Çok enteresan bir şekilde Allah Teâla, kulu Rasulullah sallallahu aleyhi ve sellem vasıtasıyla kendisine iman etmeyenlere meydan okuyarak başlıyor cümlelerine. Allah’ın Rasulü, kendisine “Sen bizim putlarımıza biraz saygı göster biz de seninkine gösterelim” diyenlere karşı “Tamam, bir oturalım da görüşelim” demeden, tabiri caizse “Beni iyi dinleyin” der gibi onlara meydan okudu. O’na bu çıkışı yaptıran Allah, hiçbir şekilde kâfire meyletmemeyi hepimize öğretti. Bu yüzden dinimizle alakalı işlerde onları yok hükmünde kabul ederiz biz. Tebliğ yaparız, iman ederlerse ne âlâ, bir mü’min kazanmış olur dünya. Yoksa onlar da yoktur bizim için. Bu çıkış ve ardından tekrarlanan “ben sizin taptığınıza tapmam, siz de benim taptıklarıma tapmazsınız” cümleleri gösteriyor ki mü’min yürekli olmalıdır. Meydan okuma zamanında pısırık kalamaz. Kâfire karşı duruşu sabittir. 


ZİLLETİN DEĞİL, İZZETİN SEMBOLÜYÜZ


İmanımız, kâfire karşı aziz olmayı, asla ezik kalmamayı gerektirmektedir. Ey kâfirler diye başlayan bu sûre de genelde bunu ifade etmektedir. Kâfir, hiçbir zaman mü’minin iman ettiği değerleri kabul etmeyecekse mü’min de onu masasına bile oturtmamalıdır. İlla oturacaksa daha alçak sandalyeye oturmalıdır. Belki de bu yüzden henüz peygamberliğin ilk senelerinde indi bu sûre. Tavrını en başından belirledi İslam, küfre ve elemanlarına karşı. Niceliği az olmasına rağmen niteliğini ortaya koydu. Şu gerçeği haykırdı aslında: “Mü’min, bir kişi kalsa da izzetin sembolüdür. Allah’ın kulu olmak aziz olmak demektir. Zillet ise kâfirin hakkıdır.”

KÜFRÜN FANTEZİLERİNE KAPANSIN KULAKLARIMIZ


Eğer küfre karşı kükremek, haykırmak için Ebu Cehil’in putlarını bekliyorsak daha çok bekleriz. O putlar Mekke’nin fethinde tuz buz oldu. Şimdi modern cahilcik babalarının putları var. Batı’nın modası var. Hatta Müslümanların modası var. Ev aksesuarlarımız var. Alışveriş merkezleri var. Çocuğumuzdan daha iyi baktığımız diziler var.
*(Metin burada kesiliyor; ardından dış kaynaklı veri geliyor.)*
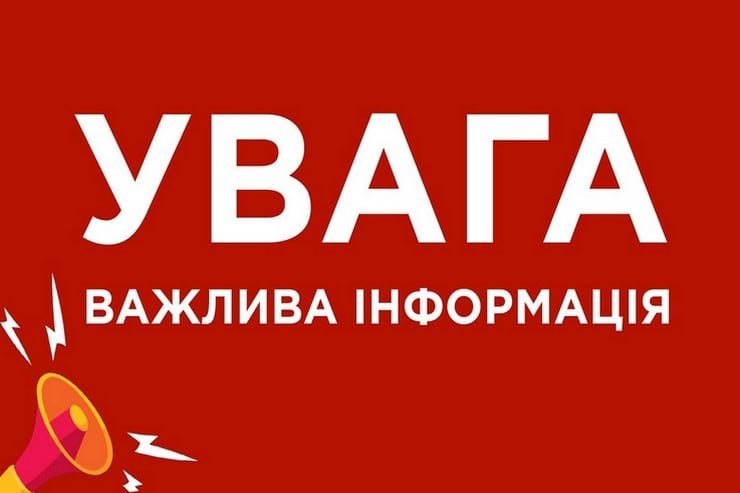 Пасха в Синельниково: какие ограничения будут действовать в городе во время празднования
Stadyumlar var, Müslüman olarak verdiğimiz müstehcen reklamlar var ve dahası… Birileri sürekli bu işlere itiyor bizi. Bu birisi İslam değil herhalde! İslam dışı olanlar, küfrün başını çekenler, Ebu Cehil’in putlarını bulamadığı için başka servisler yapıyor bize. Kendi zevklerini bizim de zevk haline getirmemizi istiyorlar. Niye haykırmıyoruz “Ey dinimize düşman olanlar! Sizin peşinden gittiklerinizin peşinden gitmeyiz” diye? Meydan okumanın amelde pratiğini yapsak mümkün değil mi bu? Bizim giyim kültürümüz varken ne diye dayattıkları kıyafetlerle meşgul oluyoruz? Onların evlerine aldıkları şeyleri biz de almak zorunda mıyız? “Onların yaptıklarını yapmam!” demenin vakti gelmedi mi hala? Utanmadan Rasulullah’ı putlarına çağıranlar, bugün pervasızca şehvetlerine esir olalım diye köpeğe kemik atar gibi bizi oynatıyorlar. Bunlar dünyayı cennet gören kâfirlerin fantezilerinden başka bir şey değildir. Biz ise bunları sol kulağımızla bile duymadan alıcılarımızı kapatma tercihini yapmazsak hem İslam’ı hem de kendimizi zilletten kurtaramayız. Hani biz izzetin sembolüydük?


KAFİRÛN VE BİZ


Kafirûn sûresi mü’minin ibranamesidir. Kâfirden ve küfürden uzak olduğumuzun belgesidir. Kâfiri reddettiğimizin haykırışıdır. Tekrar ve tekrar gür sesimizle dinimizin onlardan farklı olduğunu ispat etmektedir. Sabah akşam Rasulullah sallallahu aleyhi ve sellem’in dilinden düşürmediği silahıdır. Şirkten kaçış, imanın zirvesine koşuştur. Biz, hiçbir zaman kâfirle aynı olamayız. Kâfirin yaptığı işten kaçarız. Onlara benzememek için ne gerekiyorsa yaparız. Çağrılarına kulaklarımız kapalıdır. Onlara karşı konuşmasını da biliriz. Hür yürekliyiz. Yeri gelir meydan okuruz, yeri gelir ayet okuruz. Dinimizi ezdirmeyiz. Biz en üstünüz, çünkü en üstünün kullarıyız. En üstün olana kul olmayanlar ise ancak yerin dibindedirler. En altta olmayı bile hak etmezler.